- WHAT TO WORK ON: From the material below, retype exactly the lines that begin at the line with "image for item" and end after the line with "Used Vauxhall Astra"; pictures stay out of the copy.

═══ EXTRACTED DATA

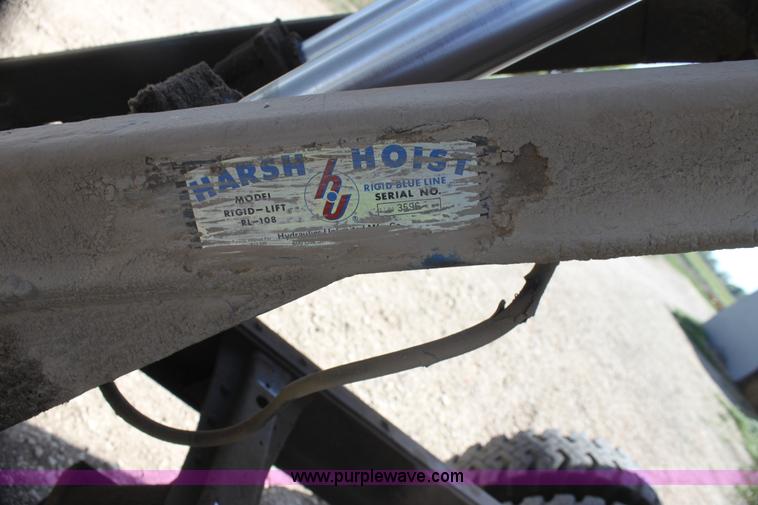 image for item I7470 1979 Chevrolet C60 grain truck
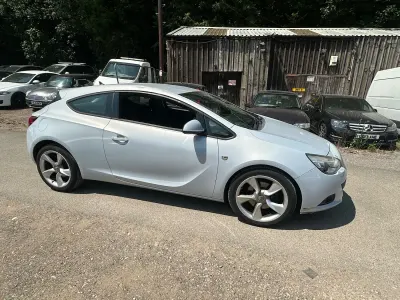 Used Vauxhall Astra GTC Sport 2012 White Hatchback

══════
═══ EXTRACTED DATA

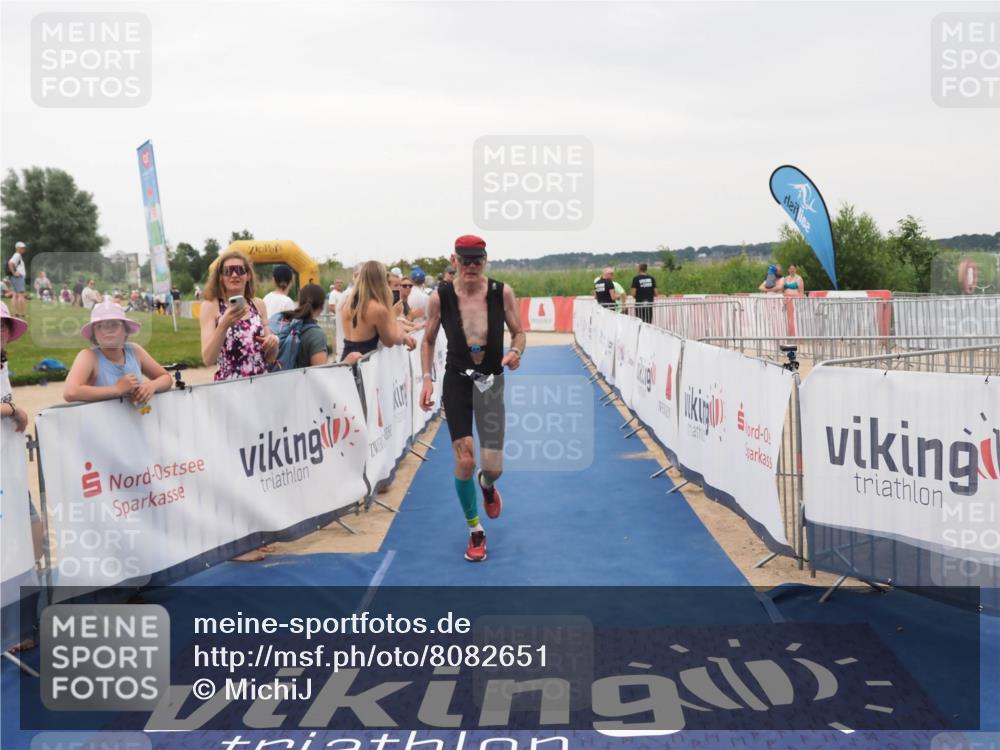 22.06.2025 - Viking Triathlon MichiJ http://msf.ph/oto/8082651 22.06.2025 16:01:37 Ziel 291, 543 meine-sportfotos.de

══════

- WRITTEN ANSWER:
 image for item I7470 1979 Chevrolet C60 grain truck
 Used Vauxhall Astra GTC Sport 2012 White Hatchback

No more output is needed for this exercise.